In response to this concern, Nietzsche envisions a self-transformation that would lead to a new kind of person: the overman (or “superman” in older translations). The overman is a strong and free individual who has overcome the “man” in himself, in other words the contemptible side of himself: his trivial, weak, petty tendencies. Nietzsche’s transformation is therefore a process of self-overcoming, in which the individual overcomes his own small self and creates a new, higher self—a self that is full of creative passion. Such a person creates his own values, and he lives fully and passionately in an attempt to realize them.

            Thus, a human being is not a stable state or a finished product, but rather a transition, a challenge, a mission. As Nietzsche says in his Thus Spoke Zarathustra (sections 3-4, based on Walter Kaufmann’s translation):

 

I teach you the overman. Man is something that shall be overcome. What have you done to overcome him?

      All creatures so far have created something beyond themselves; and you want to be the ebb of this great flood, and even go back to the beasts rather than overcome man?

      What is the ape to man? A laughing-stock or a painful embarrassment. And man shall be just that for the overman: a laughing-stock or a painful embarrassment.

      (…) Behold, I teach you the overman. (…) Man is a rope stretched between beast and overman—a rope over an abyss: A dangerous crossing, a dangerous on-the-way, a dangerous looking-back, a dangerous shuddering and stopping.

 

The “man” in us—in other words, those tendencies which we need to overcome—is the man of the herd who lives a dull life that contains nothing greater than petty satisfactions and comforts. One of his central characteristics is obedience and conformism. In contrast, the overman is a free-spirited individual who creates himself.

In another section from Thus Spoke Zarathustra—“On the Three Metamorphoses”—Nietzsche describes the path of overcoming as consisting of three stages: It begins with the “camel” who carries traditional values on its back, continues to the “lion” who rejects traditional values, and ends with the “child” who creates anew. (The following is based on Walter Kaufmannn’s translation):

 

Of three metamorphoses of the spirit I tell you: how the spirit becomes a camel, and the camel a lion, and the lion, finally, a child.

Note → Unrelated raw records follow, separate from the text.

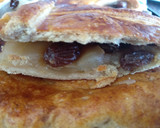 Foto del paso 6 de la receta: Empanada de manzana y pasas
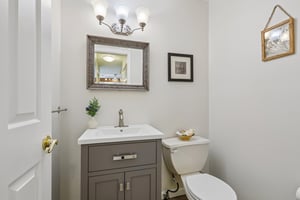 Woodland Dr-S1905-030.jpg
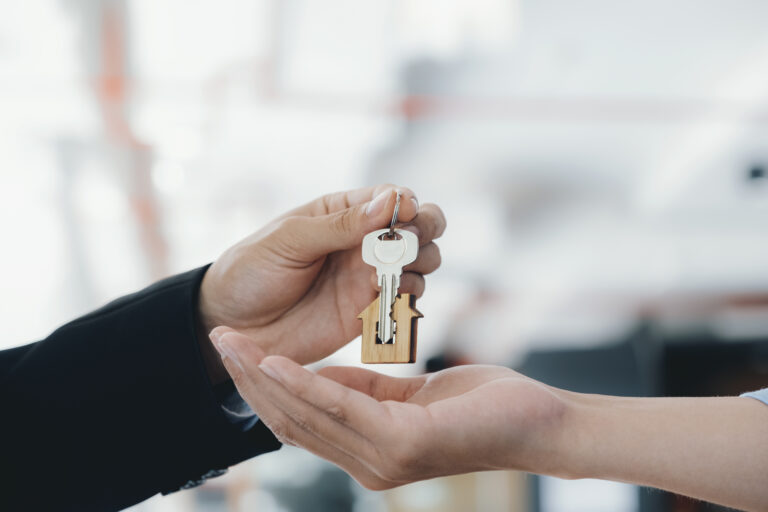 Home seller handover the key to home buyer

      There is much that is difficult for the spirit—for the strong, reverent spirit that would bear much; but its strength demands the difficult, the most difficult.

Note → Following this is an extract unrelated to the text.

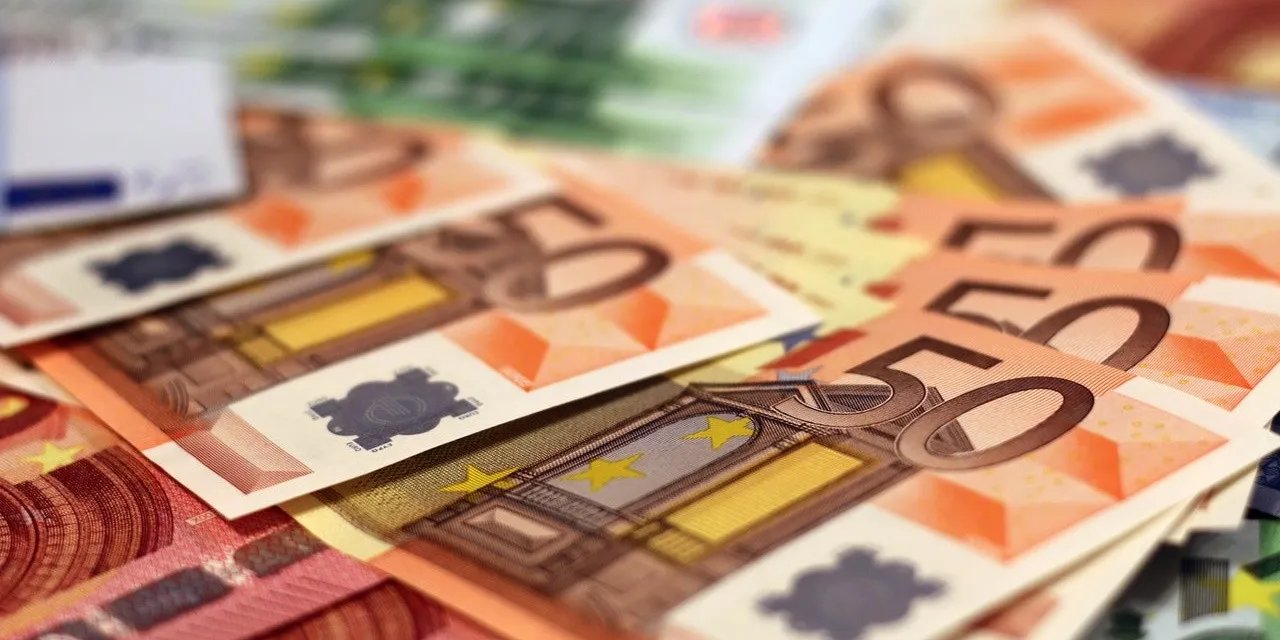 Euro, Yıllar Sonra İlk Kez Sterlini Geçebilir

      “What is difficult”? asks the spirit that would bear much, and kneels down like a camel wanting to be well loaded.

      “What is the most difficult, O heroes?” asks the spirit that would bear much, “that I may take it upon myself and exult in my strength?”

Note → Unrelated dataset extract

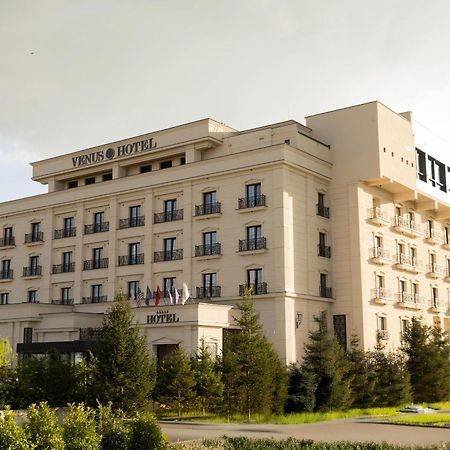 Venus Hotel Pristina Exterior photo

      (…) All these most difficult things the spirit that would bear much takes upon itself: like the camel that, burdened, speeds into the desert, thus the spirit speeds into its own desert.

      In the loneliest desert, however, the second metamorphosis occurs: here the spirit becomes a lion. He wants to conquer his freedom and be master in his own desert.

      Here he seeks out his last master: he wants to fight him and his last god; for ultimate victory he wants to fight with the great dragon.

      Who is the great dragon whom the spirit will no longer call lord and god? "Thou shalt" [=you must] is the name of the great dragon. But the spirit of the lion says “I will!”

      “Thou shalt” lies in the camel’s way, sparkling like gold, an animal covered with scales; and on every scale shines a golden "Thou shalt."

      Values, thousands of years old, shine on these scales; and thus speaks the mightiest of all dragons: “All value of all things shines on me. All values have already been created, and all created values are in me. Truly, there shall be no more ‘I will’!” Thus speaks the dragon.

      My brothers, why is there a need in the spirit for the lion? Why is the reverent beast of burden not enough?

      To create new values—that even the lion cannot do; but to create for oneself freedom for new creation—that is within the power of the lion.

      To create freedom for oneself, and a sacred "No" even to duty—for that the lion is needed, my brothers.

      To assume the right to new values—that is the most terrifying task for a reverent spirit that would bear much.

      (…) But say, my brothers, what can the child do that even the lion cannot do? Why must the preying lion still become a child?

      The child is innocence and forgetting, a new beginning, a game, a self-propelled wheel, a first movement, a sacred "Yes" [=a Yes to life].

      For the game of creation, my brothers, a sacred "Yes" is needed: the spirit now wills his own will; the spirit who had been lost to the world now conquers his own world.

      I have told you of three metamorphoses of the spirit: how the spirit became a camel, and the camel a lion, and the lion, finally, a child.